The optimised modes are for when you are either reading or writing only. I
don't think that is your case so you will have to load everything into
memory.

Using copy.deepcopy is not advised on workbooks and I wouldn't be
surprised to see it add to your memory woes. See
https://bitbucket.org/openpyxl/openpyxl/issue/171/ for more information.

The traceback is probably misleading. Read-only workbooks and worksheets
inherit from the standard classes which means that methods are available
unless they are explicitly disabled or removed: you simply shouldn't be
able to remove a worksheet from a read-only workbook. Work is ongoing to
clean this up either to make things work, or remove the method, or provide
you an error. Starting with 2.1 we also refer to read-only or write-only
workbooks.

It seems there is some demand for a kind of template function which we
might be able to offer in a future version. Like the other optimisations
this will involve some kind of compromise (ie. some things won't be
possible). It looks to me at the moment like an extension of the existing
write-only workbooks.

Charlie
--
Charlie Clark
Managing Director
Clark Consulting & Research
German Office
Kronenstr. 27a
Düsseldorf
D- 40217
Tel: +49-211-600-3657
Mobile: +49-178-782-6226

axf...@gmail.com

unread,
Sep 5, 2014, 12:26:53 PM9/5/14
to openpyx...@googlegroups.com
Hi guys,

Thanks for the responses. I agree that the traceback was probably misleading -- after trying Adam's fix, I got "ValueError: can only parse strings," which seems totally unrelated; I think you're right in that I currently can't utilize either of the optimised modes. Unfortunately, I just tried running the script without the optimizations on a 16gb machine just to see if it could at least complete, and I had to switch to tty1 to kill it because it started hammering swap so hard after it ran out of memory :(

For now I'll impose a strict filesize limit on the sheets our script will handle, but suffice it to say I would love an optimized method that would permit me to remove worksheets while still not being able to directly edit cell contents.

Charlie Clark

unread,
Sep 5, 2014, 1:24:51 PM9/5/14
to openpyx...@googlegroups.com
Am .09.2014, 18:26 Uhr, schrieb <axf...@gmail.com>:

> Hi guys,

> Thanks for the responses. I agree that the traceback was probably
> misleading -- after trying Adam's fix, I got "ValueError: can only parse
> strings," which seems totally unrelated; I think you're right in that I
> currently can't utilize either of the optimised modes. Unfortunately, I
> just tried running the script without the optimizations on a 16gb machine
> just to see if it could at least complete, and I had to switch to tty1 to
> kill it because it started hammering swap so hard after it ran out of
> memory.

That doesn't sound right. The benchmark code has some pretty big sheets in
it and never gets above about 400 MB. Sounds like garbage collection isn't
happening. You'll have to do some memory profiling to see what's going on.
I'm afraid I've not experience with memory profiling myself but Adam did
put some notes in the documentation. If you're still using
copy.deepcopy(workbook) probably now is a good time to stop.

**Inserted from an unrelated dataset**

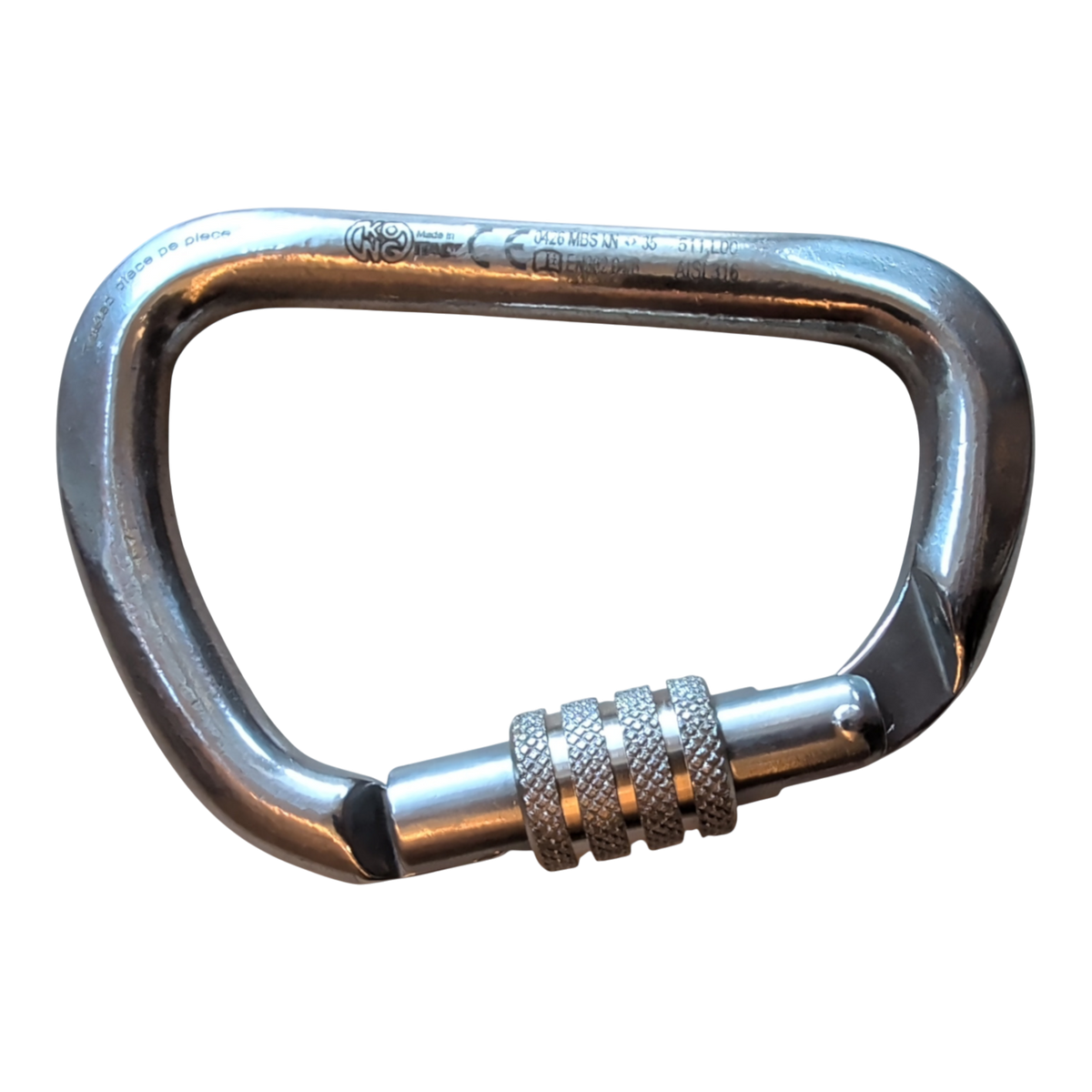 Mosquetón 4c+ en forma de D de acero inoxidable AISI 316 pulido con cierre de rosca y sistema Keylock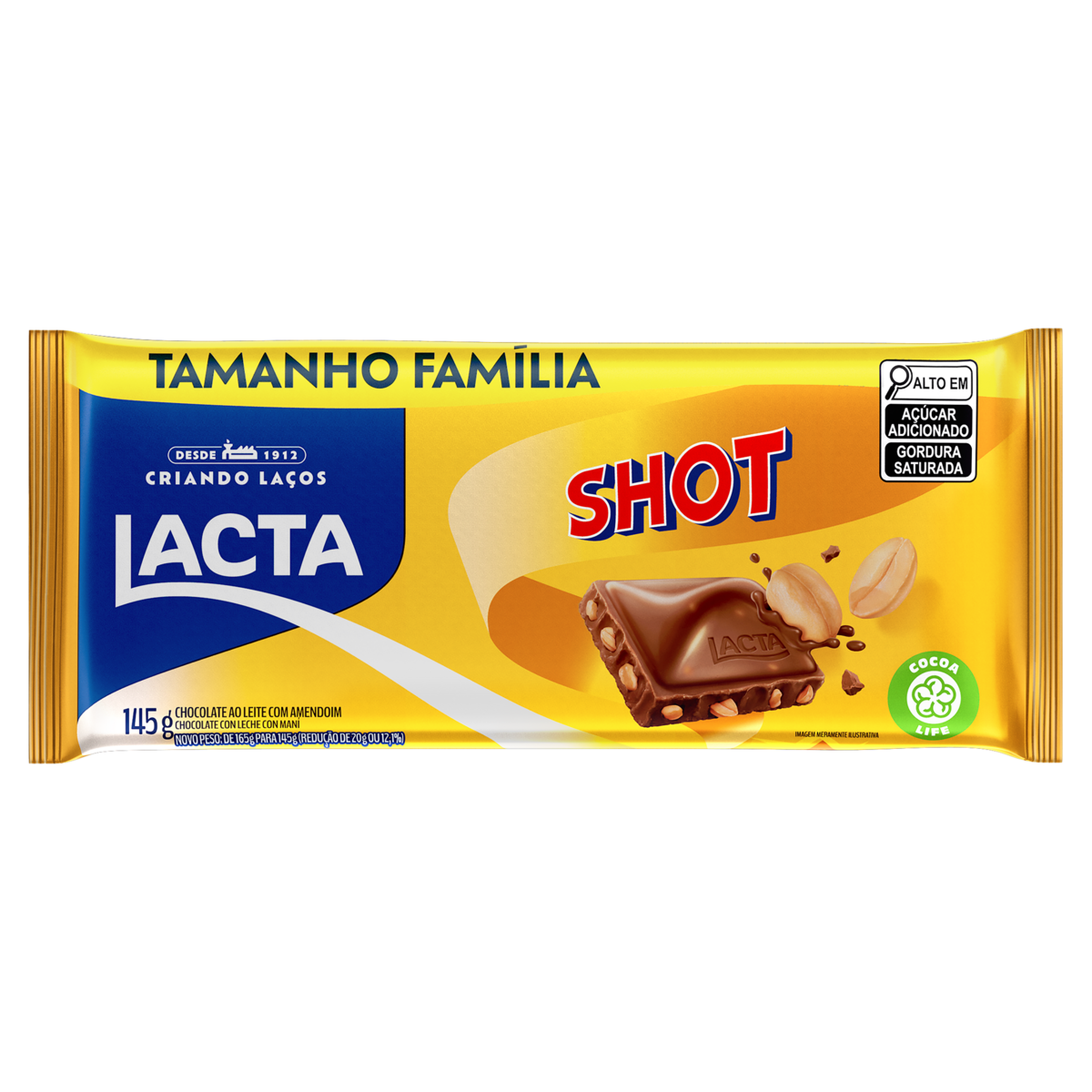 Chocolate ao Leite com Amendoim Lacta Shot Pacote 145g Tamanho Família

> For now I'll impose a strict filesize limit on the sheets our script will
> handle, but suffice it to say I would love an optimized method that would
> permit me to remove worksheets while still not being able to directly
> edit
> cell contents.

It would probably help a lot if you could provide more complete code and
some data samples. Otherwise we can only really nod sagely, shrug or wave
our hands.

axf...@gmail.com

unread,
Sep 5, 2014, 1:36:08 PM9/5/14
to openpyx...@googlegroups.com
Ah, certainly :)



I seem to recall there was a reason when I wrote this some months ago that I used the deepcopy-and-prune-sheets-off method rather than instantiating a new workbook each time and copying sheets into it, but I can't seem to remember what that was. If you're confident that that's the best place to optimize, I'll take another look. Thanks!

axf...@gmail.com

unread,
Sep 5, 2014, 1:36:50 PM9/5/14
to openpyx...@googlegroups.com, axf...@gmail.com
Oh, and for the record, this was python 2.7.6.

Charlie Clark

unread,
Sep 5, 2014, 1:49:39 PM9/5/14
to openpyx...@googlegroups.com
Am .09.2014, 19:36 Uhr, schrieb <axf...@gmail.com>:

> Ah, certainly
> Code:
> https://github.com/axfelix/islandora_solution_pack_data/blob/master/csvnormalize.py

Grumble, GPL… ;-)

> Data: http://lib-hf1.lib.sfu.ca/5to1Lvl20130328.xlsx

> I seem to recall there was a reason when I wrote this some months ago
> that
> I used the deepcopy-and-prune-sheets-off method rather than
> instantiating a
> new workbook each time and copying sheets into it, but I can't seem to
> remember what that was. If you're confident that that's the best place to
> optimize, I'll take another look. Thanks!

Well, it certianly cannot work with read-only worksheets! I can't say with
any confidence what the cause is but Jared seemed to finger that and
suggest that using shutil seemed to work better. I won't really be able to
look at this before next week but maybe someone else will.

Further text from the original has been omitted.